Женщина, которая разливала чай, стала шутя гадать Бальмонту по руке, много раз повторяя слово „Аполлон“. Когда она кончила гадать, она сказала: „Кто пойдет со мной смотреть церковь?“ Марина спросила: „Домовую церковь Соллогубов?“ Женщина ответила: „Да“. Мы все пошли, и Марина мне сказала: „Аля! Тут есть лестница, вся истертая от следов человеческих ног!“
Дверь домовой церкви была на замке, ее открыли. Мы вошли и стали на хорах. Там сильно пахло ладаном. Меня подняли на перила, и я увидела, что внизу был полумрак и на маленьком столике большое открытое Евангелие, а наверху не очень большая люстра стеклянная. Стены были деревянные с резными украшениями. Все молчали, а Марина сказала: „Да, тут довольно жутко!“
Тогда мы вышли и пошли по темной лестнице в парадные комнаты. Все ступени ее были с огромными углублениями, и каждую минуту повороты и изгибы. Потом мы вошли в залу, где был большой камин, на котором стояли крылатые львы черные, а оттуда в другую, где стояла белая очень красивая и задумчивая статуя, Марина назвала ее Психеей.

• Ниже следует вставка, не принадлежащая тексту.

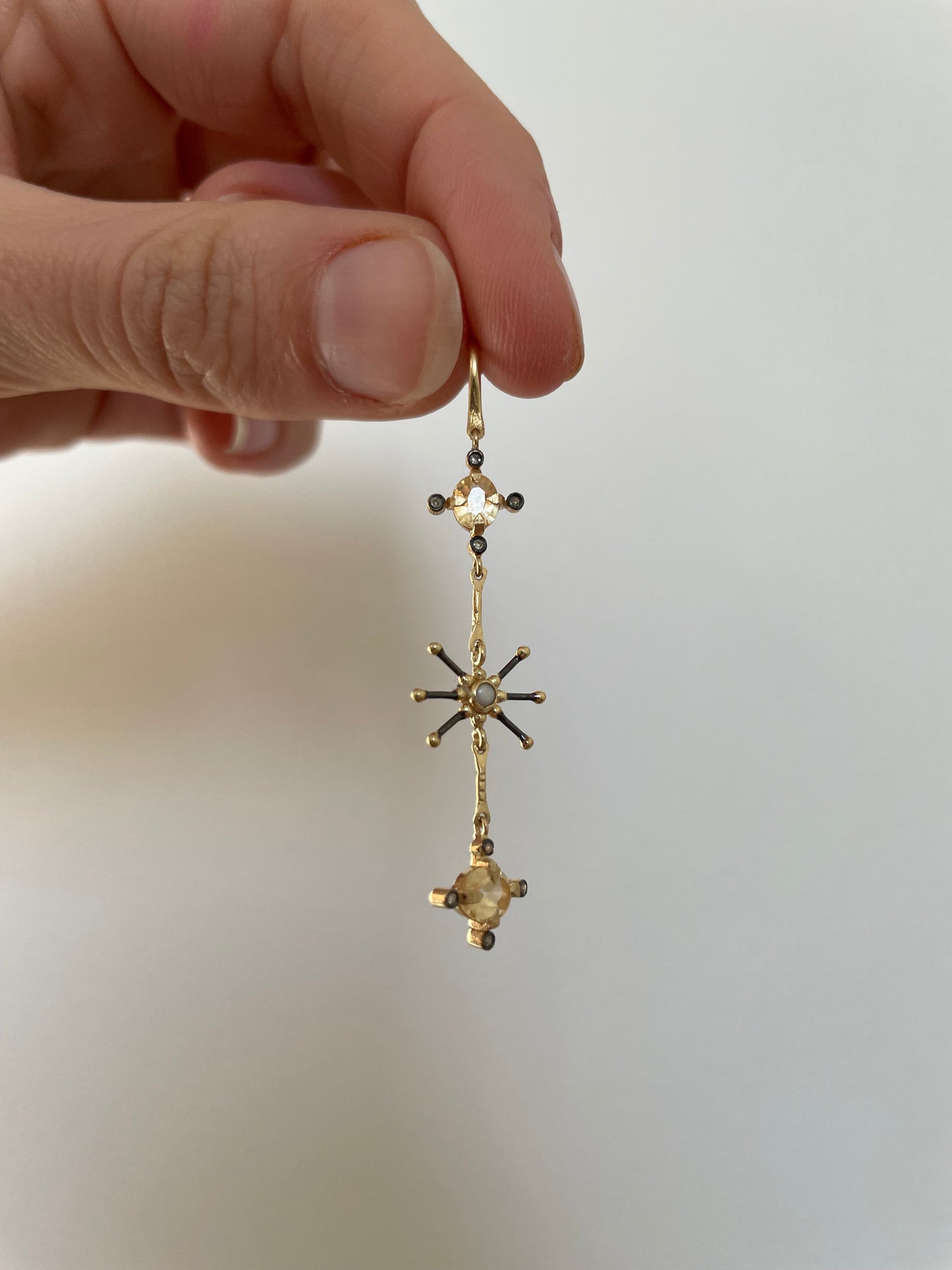 single dangly gold earring with yellow sapphire, diamonds and a freshwater pearl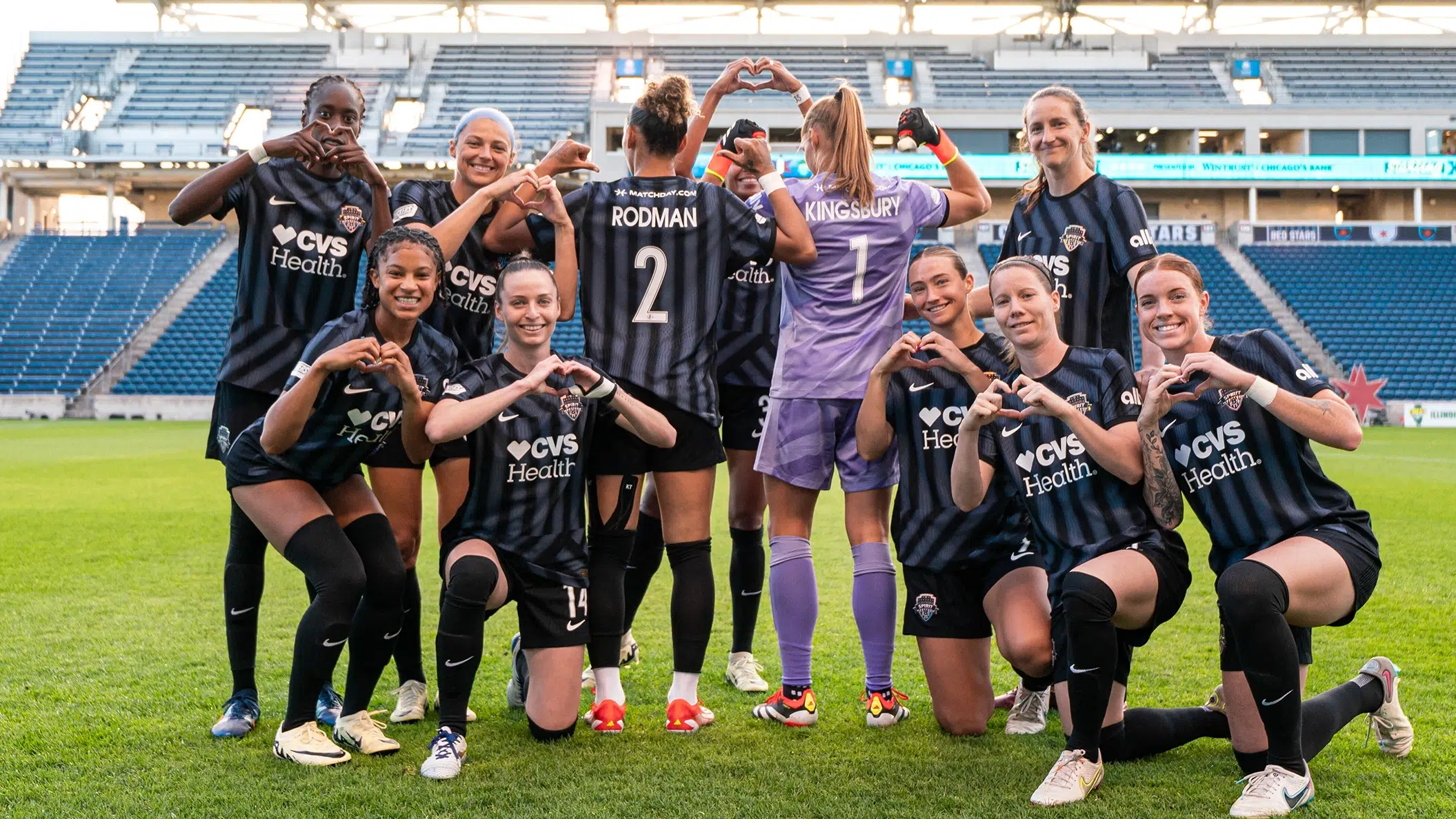 The starting XI of the Spirit hold up heart shapes with their hands as Trinity Rodman #2 and Aubrey Kingsbury #1 face away from the camera in the center.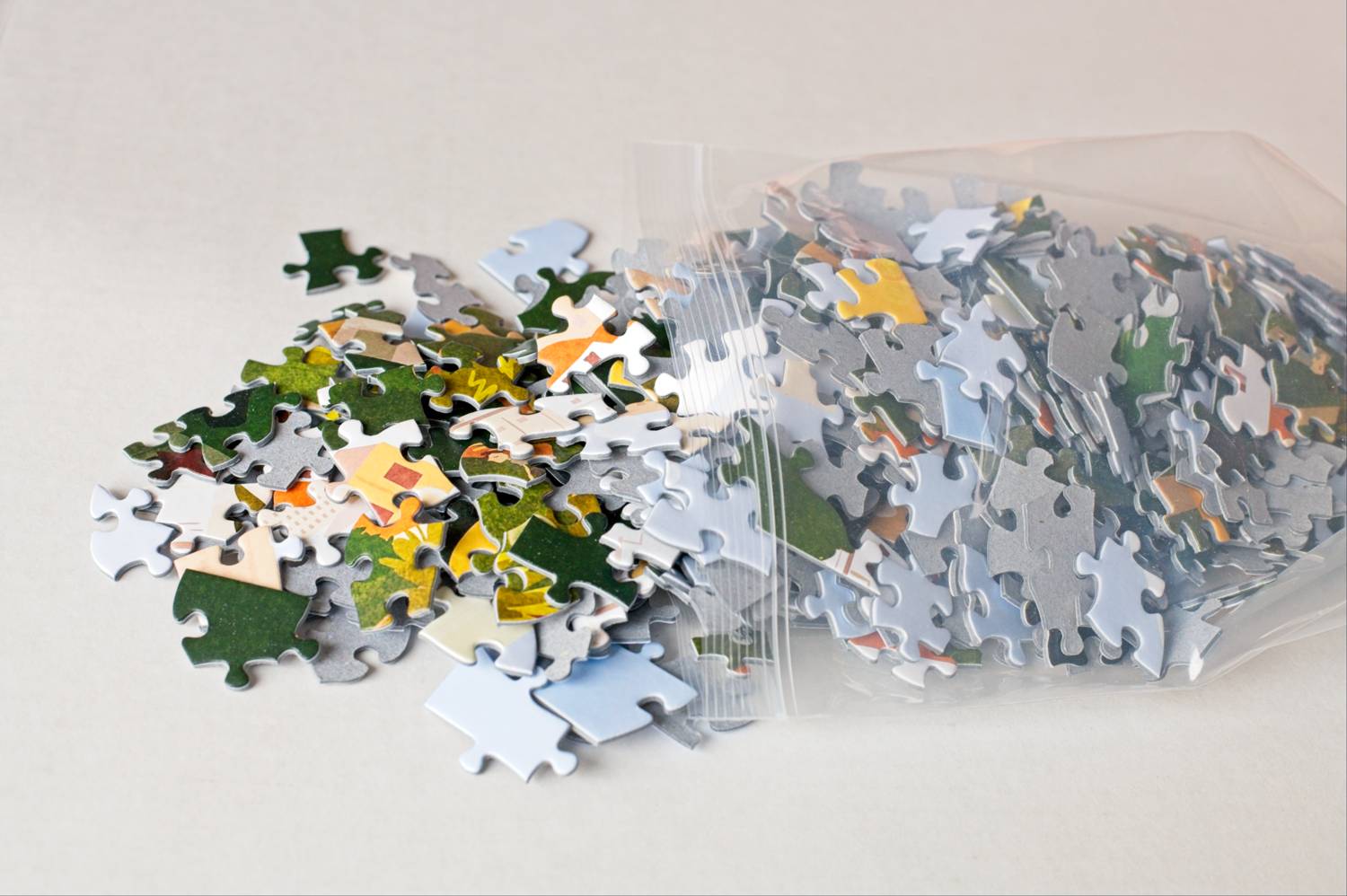 Colorful jigsaw puzzle pieces spilling out of a resealable plastic bag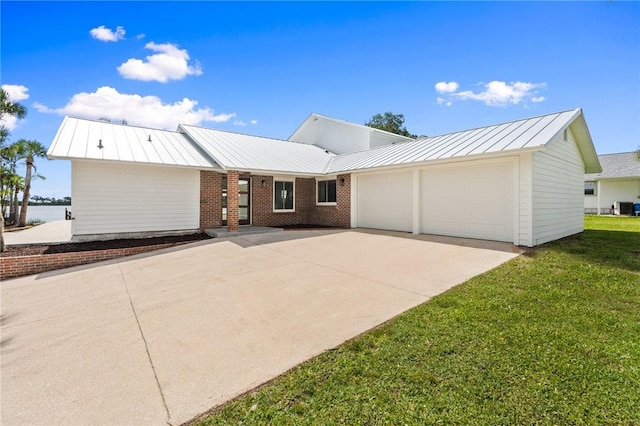 9670 Riverview Dr, Micco, FL 32976 - ranch-style house with a garage, a standing seam roof, concrete driveway, a front yard, and a metal roof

Та актриса показала нам свою комнату, комната была обыкновенная, с одним окном и простым полом, там стоял рояль. Вся мебель была обтянута красной материей шелковой.
Наконец, мы вошли в залу, в которой были розовые стены. Там многие люди уже сидели на местах, потом сели все. В камине горел огонь.
Садится на маленький диванчик поэтесса и говорит стихи — жалобным, писклявым и еле-еле слышным голосом. Стихи про то, что она спит в воротах кладбища, что у нее на груди висит крест, а у всех нет, что у нее сердце доброе и мягкое, а у других сердца черствы. Сказала и ушла к камину.
Потом подошел молодой, почти мальчик, поэт Есенин. Он читал стихи о том, что месяц спрыгнул с неба и обратился в жеребенка, а он запряг его в колесницу.
Потом стал читать Бальмонт, он читал про рабочего, мне кажется, что в этих стихах он хотел усмирить рабочего.
Потом господин, похожий на Дон Кихота, позвал Марину читать стихи, она встала от окна, где сидела со мной, и прочла стихи про то, что мы — две странницы — перешли всю свою дорогу жизни, любимые богом, и что мы не Величества, Высочества, и еще стихи про Москву и про Георгия Победоносца. Марина читала твердым голосом. После последнего стиха люди рукоплескали, по-моему, потому, что стыдно молчать, когда человек кончил.